Impressive gas production growth — whether from shale gas plays or associated with oil production — has been the dominant narrative in US gas markets in 2018 and for many years now. US dry gas production did indeed grow by an impressive 7.9 billion cubic feet (Bcf) per day in the first half of 2018, but domestic gas consumption grew by nearly 9.5 Bcf per day in the same period, and net exports also grew (consumption has grown by nearly 5.5 Bcf/day year-over-year since May, which would have had nothing to do with winter cold). As a result US gas storage is some 700 Bcf below normal. To put that number into context, the market would have to find an extra 7.8 Bcf per day over the next three months, for example, to refill that deficit.
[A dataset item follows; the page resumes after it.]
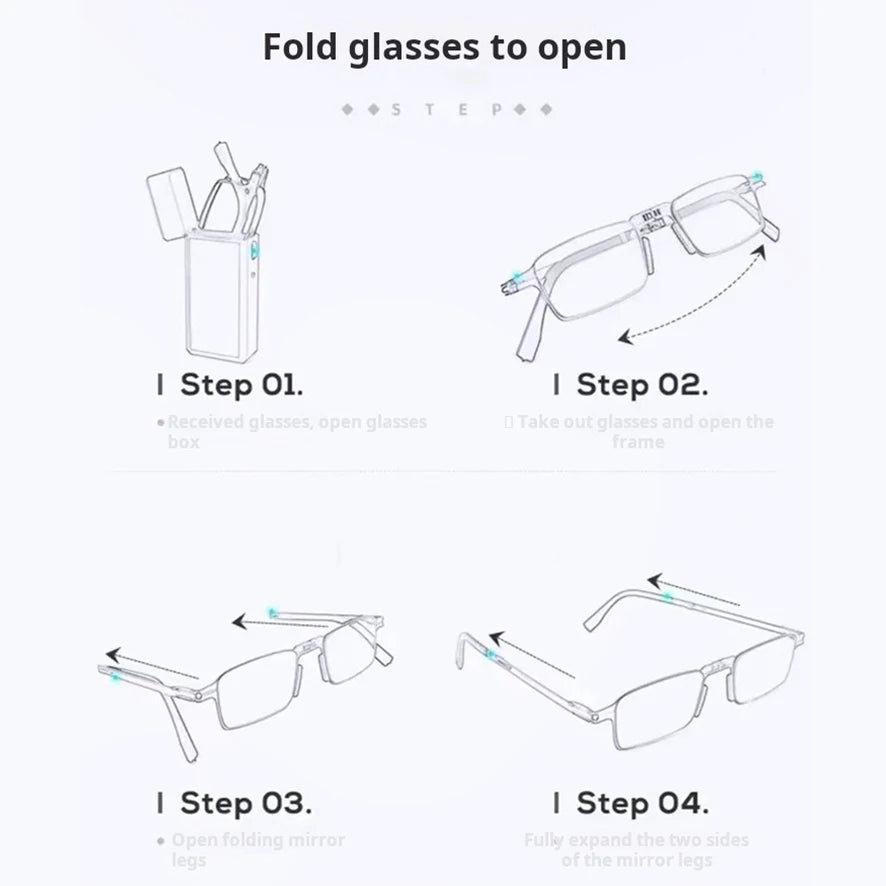 Stainless Steel Folding Reading Glasses With Compact Case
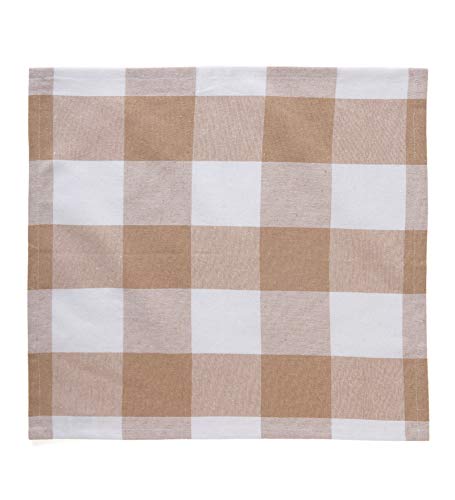Encasa Homes Dining Table Napkins 12 Pcs Set Of Large 17"X17" - Buffalo Beige Checks - Heavy Eco-Friendly Cotton, Homespun Fabric, Machine Washable For Dinner, Party, Restaurant & Banquet #TOP2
Underhedging by consumers may exacerbate any price jump this season by leaving consumers fully exposed to market moves. However, winter price spikes will also gift gas producers with a prime hedging opportunity, which is one reason why prices spikes will most likely be just that — temporary jumps in a market that is still structurally bearish.

The Role of Storage in a Highly Seasonal Gas Market

While in some markets the primary role of storage is to smooth market inefficiencies and plug temporary mismatches of supply and demand, for North American natural gas, the role of storage is much more structural and consistent. Simply put, there is always a large excess of natural gas supply in the summer, and it has to go into storage. And even in recent years, when gas production has grown so significantly, production never matches winter demand, which as a rule must be supplied out of storage.
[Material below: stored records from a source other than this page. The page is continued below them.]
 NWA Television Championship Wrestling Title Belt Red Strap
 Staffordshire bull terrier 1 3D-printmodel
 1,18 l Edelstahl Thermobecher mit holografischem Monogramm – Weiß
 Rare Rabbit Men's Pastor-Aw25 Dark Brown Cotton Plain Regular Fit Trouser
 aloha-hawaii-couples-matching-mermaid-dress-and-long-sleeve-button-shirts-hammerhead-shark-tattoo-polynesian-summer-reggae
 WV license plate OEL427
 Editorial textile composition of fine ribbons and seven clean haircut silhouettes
Residential and commercial consumers use gas primarily for heating and account for 40–50 percent of gas use in the peak winter months, but just 10–12 percent in the summer. US gas consumption in the winter can be as much as two times consumption in the “shoulder season,” when gas consumption is at its lowest — that is, between seasons, when gas is no longer used for heating but not yet used to produce incremental electricity for meaningful cooling. (There is a second, smaller seasonal “bump” in gas demand from power generation in the summer, but it is nowhere near the magnitude of winter consumption.)

Gas production, on the other hand, shows very little seasonality aside from a slight dip in February, on average, when the most severe cold can sometimes “freeze off” gas production temporarily. As a result, gas is almost always injected into storage from May through October and almost always withdrawn from November through April (the precise beginnings and ends of injection and withdrawal seasons can of course vary slightly with the weather). Figure 1 shows the relative seasonality (or lack thereof) of US gas consumption and production.
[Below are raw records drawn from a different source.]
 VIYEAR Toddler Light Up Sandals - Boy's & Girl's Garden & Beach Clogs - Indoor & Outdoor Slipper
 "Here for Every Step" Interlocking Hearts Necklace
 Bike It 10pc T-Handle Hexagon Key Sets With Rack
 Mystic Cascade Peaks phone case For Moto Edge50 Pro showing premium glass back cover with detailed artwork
Figure 1: The Relative Seasonality — and Lack Thereof — of US Gas Consumption and Production

Source: Author calculations based on Energy Information Administration data

The gas market functions to reflect this paradigm: storage contracts typically include dates by which gas must be injected and withdrawn, and the Henry Hub futures curve itself demonstrates a “wavy” seasonal pattern, where prices for winter-month contracts price higher than summer-month contracts. This pattern not only reflects how gas prices typically end up each year — more or less — but also provides the economic incentive that storage operators need to build inventory ahead of winter. Theoretically, the shape of the futures curve allows the purchase of cheap gas in the summer to be put into storage, which is delivered in the winter against the sale of relatively more expensive winter futures. Storage operators earn the spread between summer gas prices and winter gas prices.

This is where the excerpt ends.